晩冬に優しい蝋梅の香りを聞きながらラスク

 森に囲まれた里山ソムリエな日々
里山でラスクを頂きながらあんなこと、こんなことおしゃべりする、そんな時間が届きますように。

晩冬に優しい蝋梅の香りを聞きながらラスク
晩冬に優しい蝋梅の香りを聞きながらラスク

 

 冬土用を迎えた頃、西の友人からやさしい便りがありました。山形に以前暮らし、今は佐賀にいる大切な人。お会いしたのは数回のはずなのにいつもどこか近くにいる女性。「心が通う」ということはこういうことなのかもしれません。
やさしい便りと一緒に届いた蝋梅の枝、佐賀から山形へ旅をして、春への兆しを香りで届けてくれました。

 雪が降り、モノトーンとなった日に、蝋梅の花と香りは光をさしてくれたようで、雲の隙間からお日様ものぞいてくれました。蝋梅は、花が梅に似ているので、梅の名前をかりていますが、陰暦の朧月12月頃に咲くため、晩冬の季語になっています。

 雪の里山に、蝋梅のロウ細工のような花びらと重なる冬の花があります。

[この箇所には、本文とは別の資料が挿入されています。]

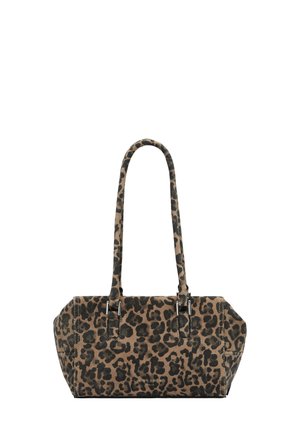 Torebka w panterkę z miękkiego materiału, solidnymi uchwytami i srebrnymi elementami metalowymi. Prostokątny kształt z płaskim dnem dla stabilności.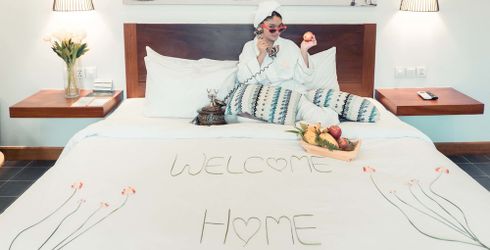 hotel room image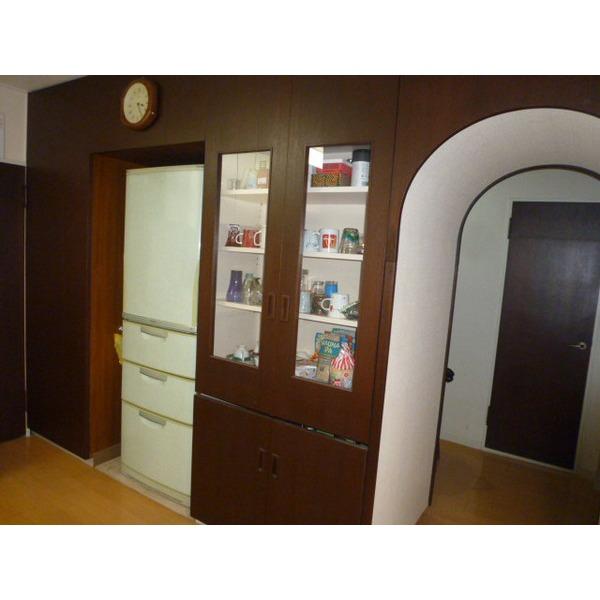 Non-living room. Refrigerator space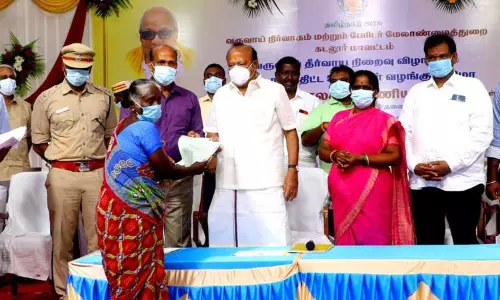 கடலூரில் ஜமாபந்தி நிறைவு விழா: 1,232 பேருக்கு ரூ.1 கோடியில் நலத்திட்ட உதவிகள் அமைச்சர் எம்.ஆர்.கே.பன்னீர்செல்வம் வழங்கினார் கடலூரில் ஜமாபந்தி நிறைவு விழா: 1,232 பேருக்கு ரூ.1 கோடியில் நலத்திட்ட உதவிகள் அமைச்சர் எம்.ஆர்.கே.பன்னீர்செல்வம் வழங்கினார்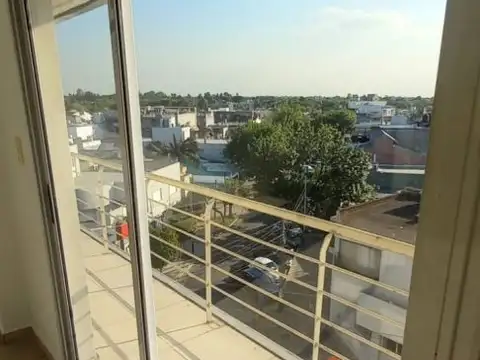 ALQUILER DE AMPLIO DEPTO DE 2 AMBIENTES CON BALCON. EXCELENTE UBICACION. PADUA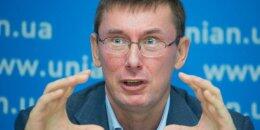 По информации Луценко, за ночь через границу заехало 15 КамАЗов с террористами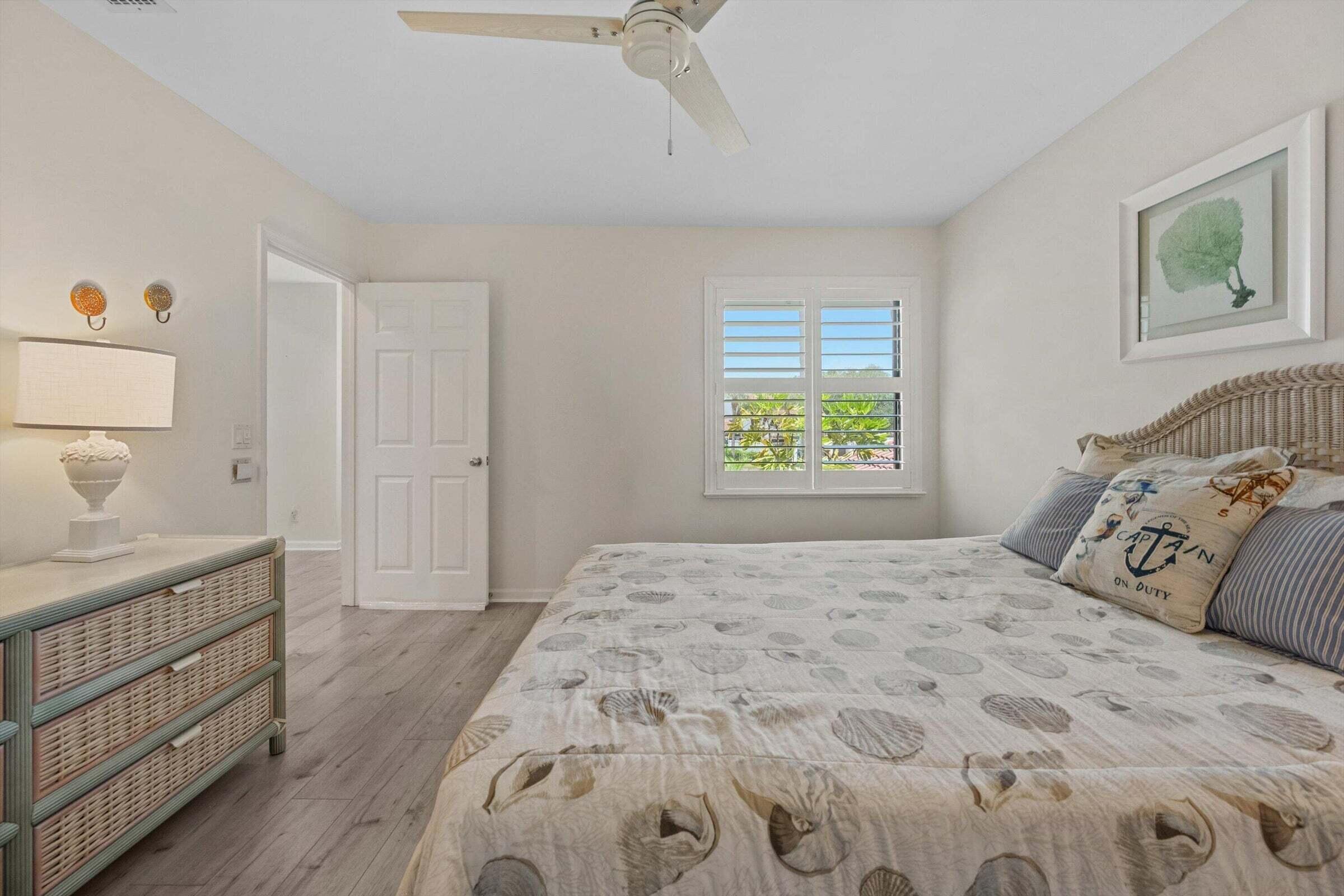 16695 TRADERS #218, Jupiter FL 33477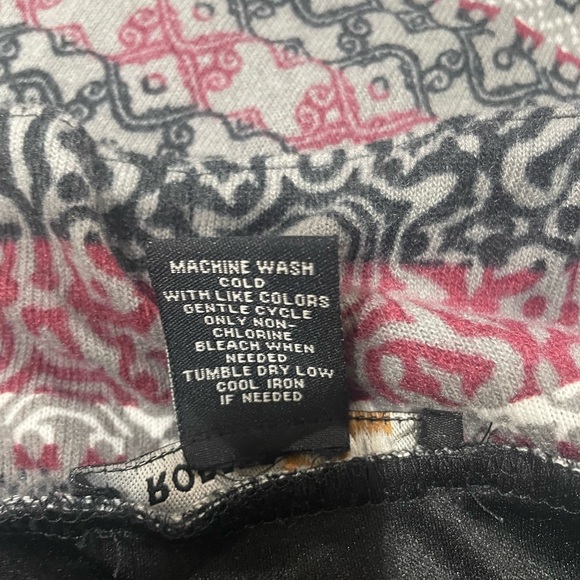 Robert Louis Black and Red Patterned Maxi Skirt - Picture 6 of 8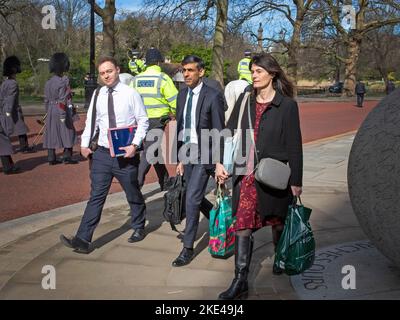 Lisa Lovering, Sonderbertin und Leiterin der Operationen des Premierministers, der Abgeordnete des RT Hon Rishi Sunak, tritt mit dem damaligen Kanzler Rishi Sunak zusammen Stockfoto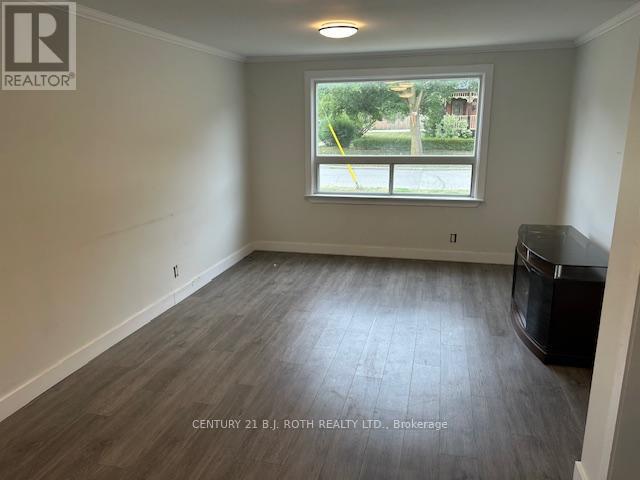 121 Cumberland Street, Barrie, Ontario  L4N 2P8 - Photo 8 - S12435650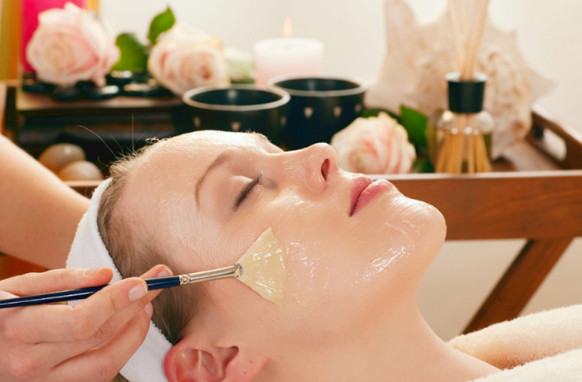 Nên đắp mặt sữa ong chúa trong bao lâu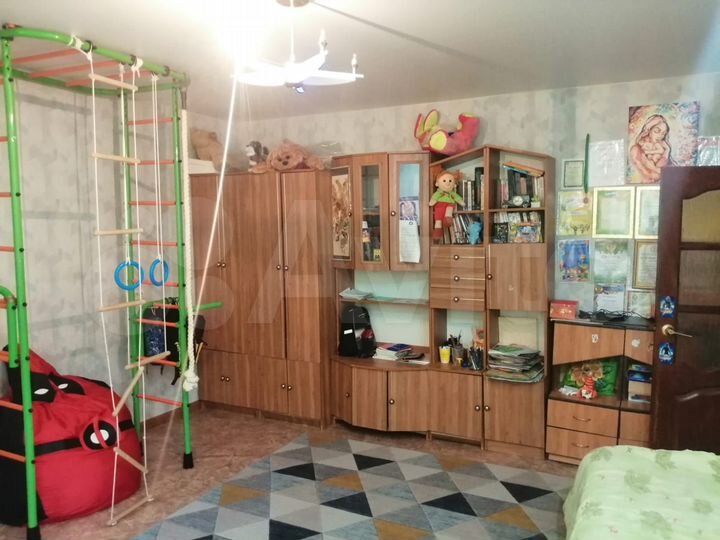 2-к. квартира, 38 м², 1/3 эт.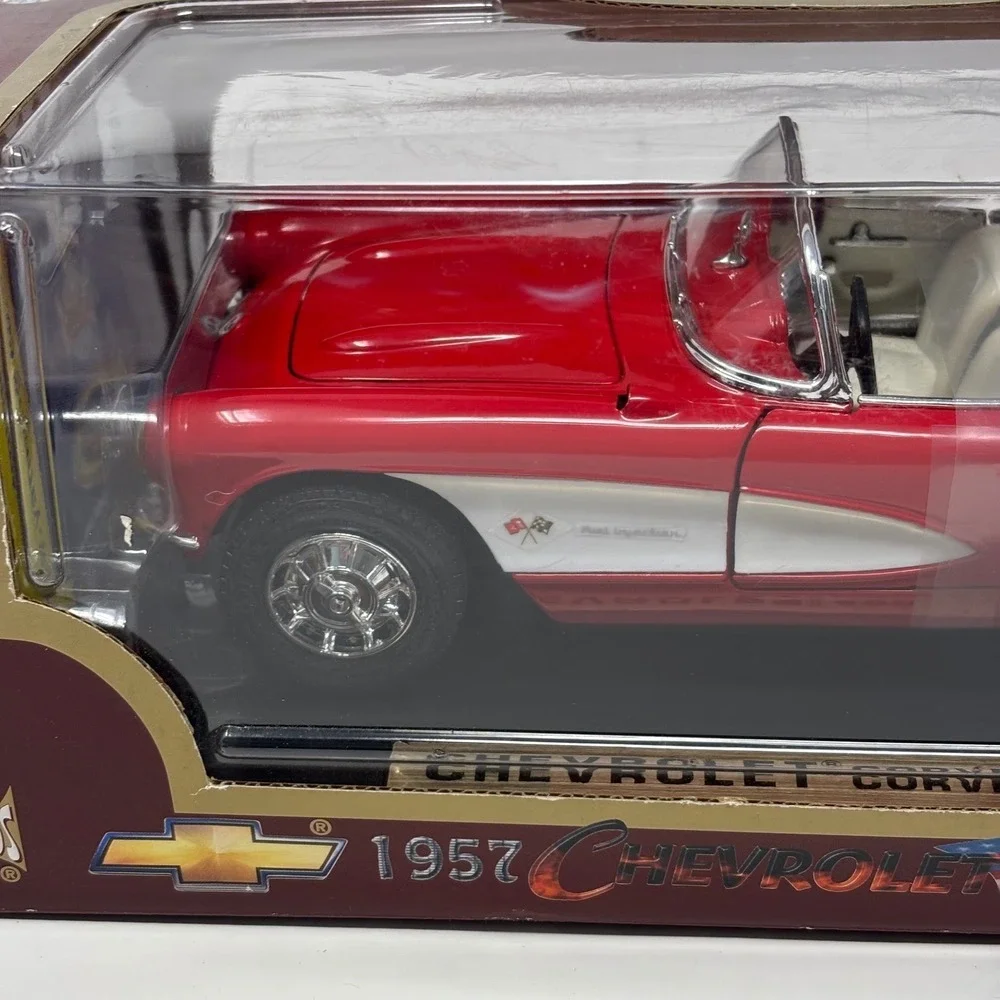 1957 Chevrolet Corvette Red 1:18 Diecast Yatming Open Box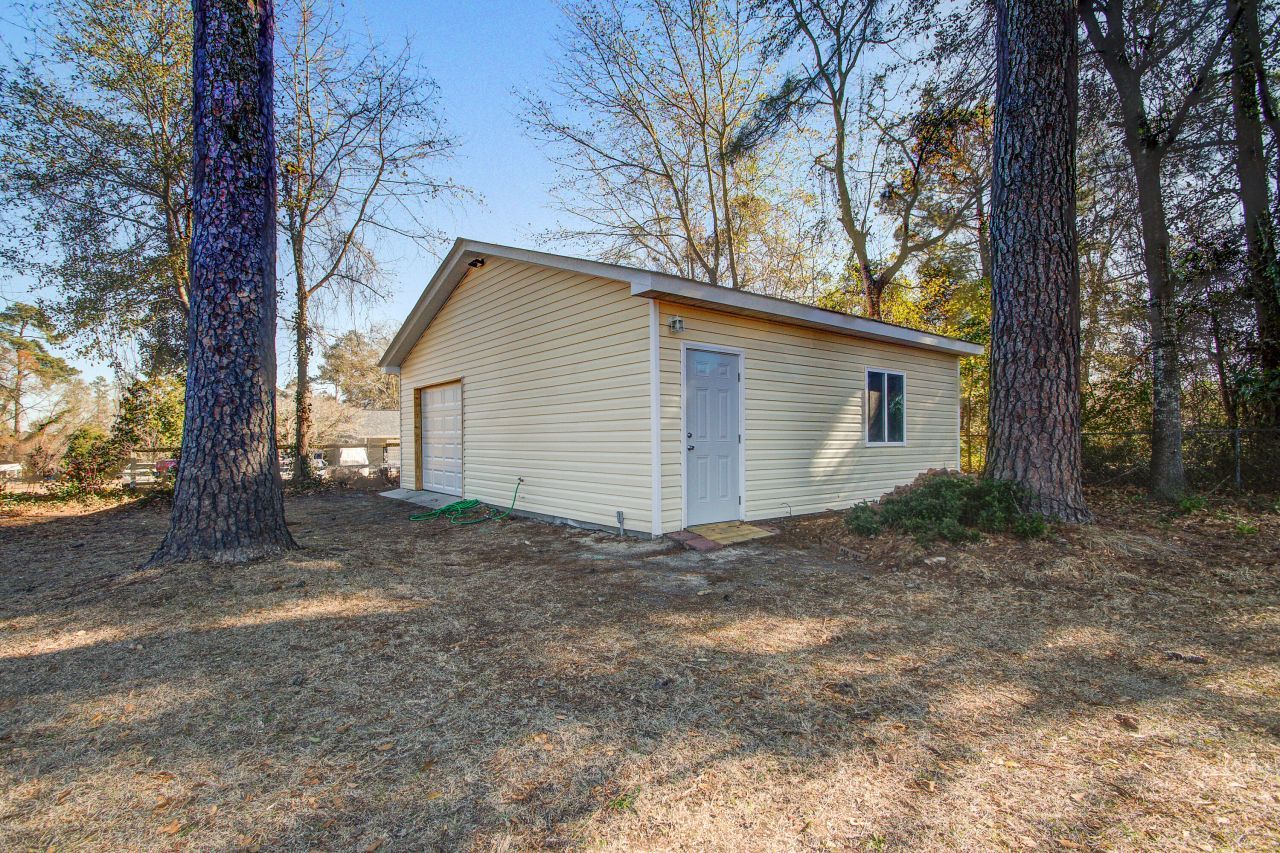 1330 Cleckley Boulevard Photo 30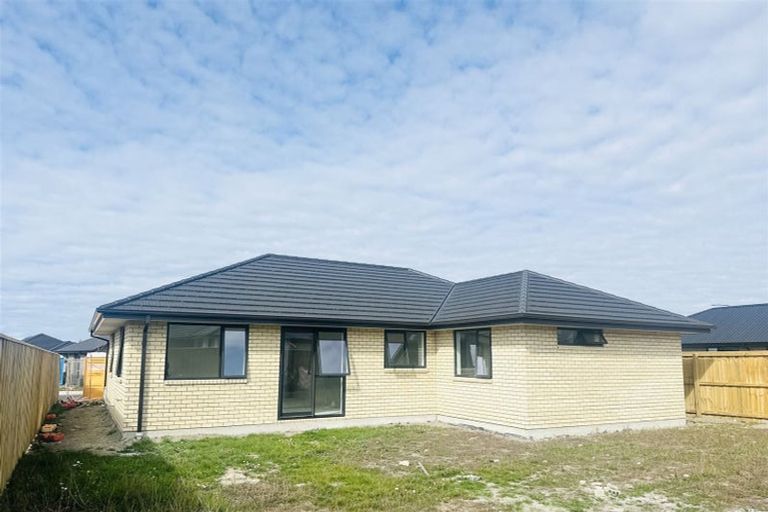 Photo of property in 11 Herridge Street, Woodend, 7691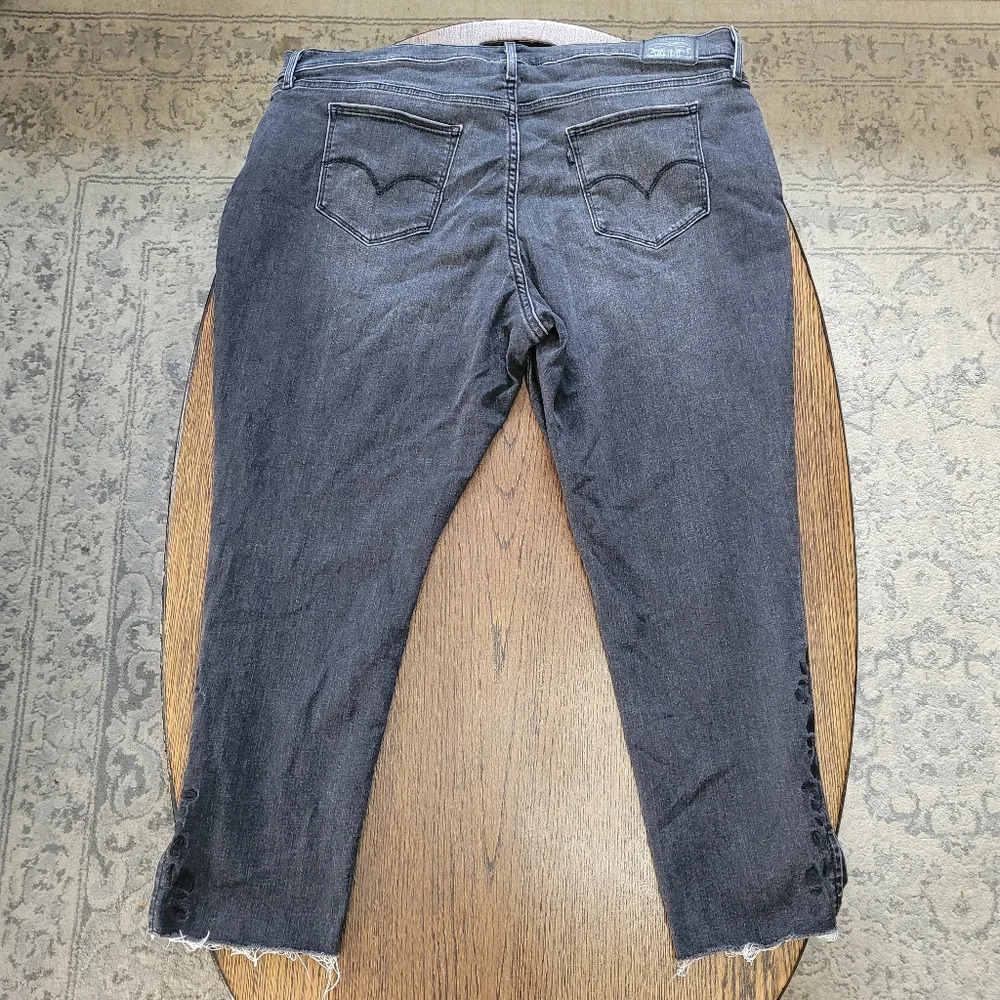 Levi's 711 Skinny Rawcut Hem Hi Rise Embroidered Jeans Size Women's 24W - Picture 7 of 15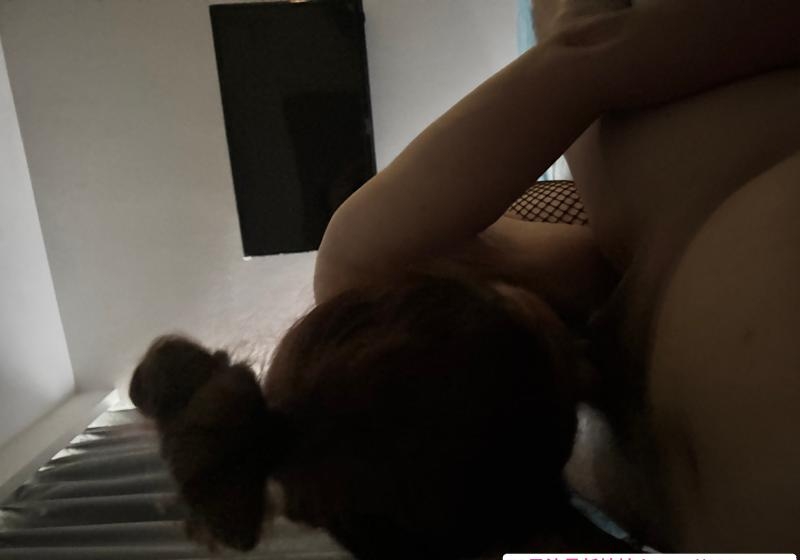 巨乳美妇朵朵 3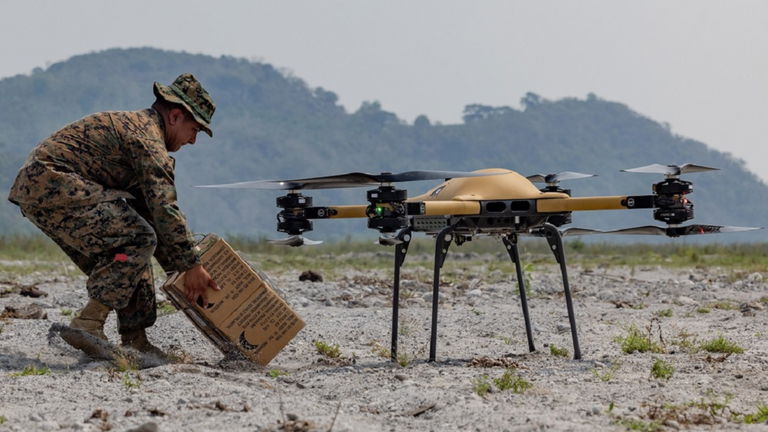 Los drones se acaban de volver todavía más peligrosos. Ahora podrás dirigirlos por voz hacia el enemigo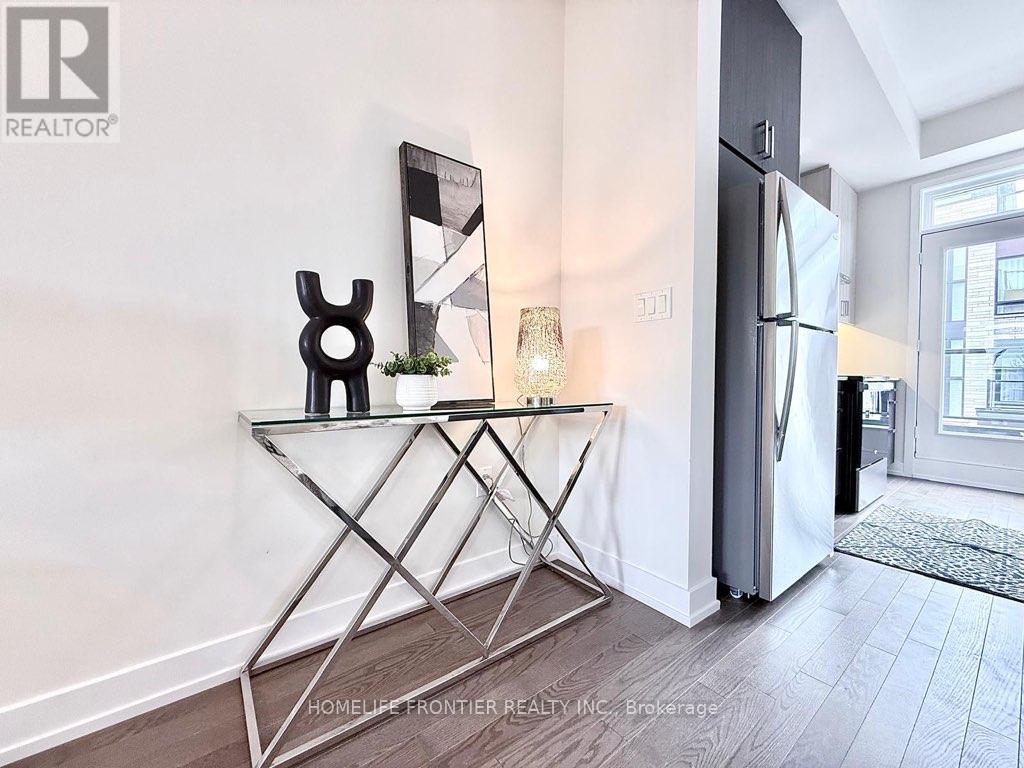 39 Credit Lane, Richmond Hill (Jefferson), Ontario  L4E 1G9 - Photo 5 - N12881042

ここに暮らし始め、初めてお正月を迎えた大雪のある日、農家のおじいさんが届けてくれた笹野の椿です。
東京から引っ越した私が、雪ばかりで花も見ないで嫌になってしまわないようにと、自ら作って持ってきてくれた造り花です。心配してくれる人が近くにいることがうれしくて、ありがたくて、今も笹野の椿を見るたびに温かい気持ちになります。

 笹野の椿は、和紙で作った花びらを溶かしたロウの中に浸し作られます。貴重なロウをまとった後は、緑の葉だけをつけた雪椿の枝につけられ、花を咲かせます。雪椿の枝は、雪の中、山へと取りにいったものです。

 目の前にいなくても、多くの言葉を交わさなくても、その人の生き方を感じて、想像力で「心が通う」こと、降り積もった雪を眺めながら、温かい気持ちになりました。
 さて、今日のスケッチは、ジョージ・ジェンセンのイヤーペンダントです。

ジョージ・ジェンセン ペンダント エイコーン イラスト J. Kikuchi
ジョージ・ジェンセン ペンダント エイコーン イラスト J. Kikuchi

 銀細工師ジョージ・ジェンセンによって創業されたプランドには、宝飾品だけでなくカトラリーやコーヒーポットなど暮らしを豊かにする様々なものがあります。芸術性とものづくりの確かさを感じるデザインに心惹かれ、仕事でコペンハーゲンを訪れると必ずお店に足を運びました。
このイラストは、ジョージ・ジェンセンのデザインを再現したイヤーペンダントの最初の作品で、どんぐり(エイコーン)がデザインされたものです。ジョージ・ジェンセンのデザインには、自然を基調にしたものが多く、イヤーペンダントのモチーフにも、花や植物が多く使われています。その時代のアールヌーボーの影響だけでなく、きっと彼の生い立ちにも由来しているのでしょう。

 その後、母親になった私は、家族でデンマークに暮らす機会がありました。自転車に娘をのせて森の中を走ると、本当にたくさんのどんぐりに出会いました。デンマークの森にはブナ科の落葉樹が多く、落ち葉の絨毯どころか、落ち葉の中に小さな娘はかくれんぼできるほどでした。毎日のように森に出かけ、集めたどんぐりでネックレスをつくりお揃いでおしゃれをしていると、散歩をしている老夫婦にこんな言い伝えを教えてもらいました。
「一粒のどんぐりをもっていると幸せになれるんだよ」

 今暮らしている山形の里山の森にもどんぐりがたくさん落ちています。秋にわが家を訪れた親子が、裏山の森に出かけ、子供さんが手をグーにして帰ってきました。「お母さん、おうちでどんぐりの木を育てよう。」
開いた拳からヒゲのような芽を出したどんぐりが出てきました。
いつか大きなどんぐりの木の下で、その日のことを思い出すかもしれませんね。

楽しいおしゃべりをラスクと一緒に。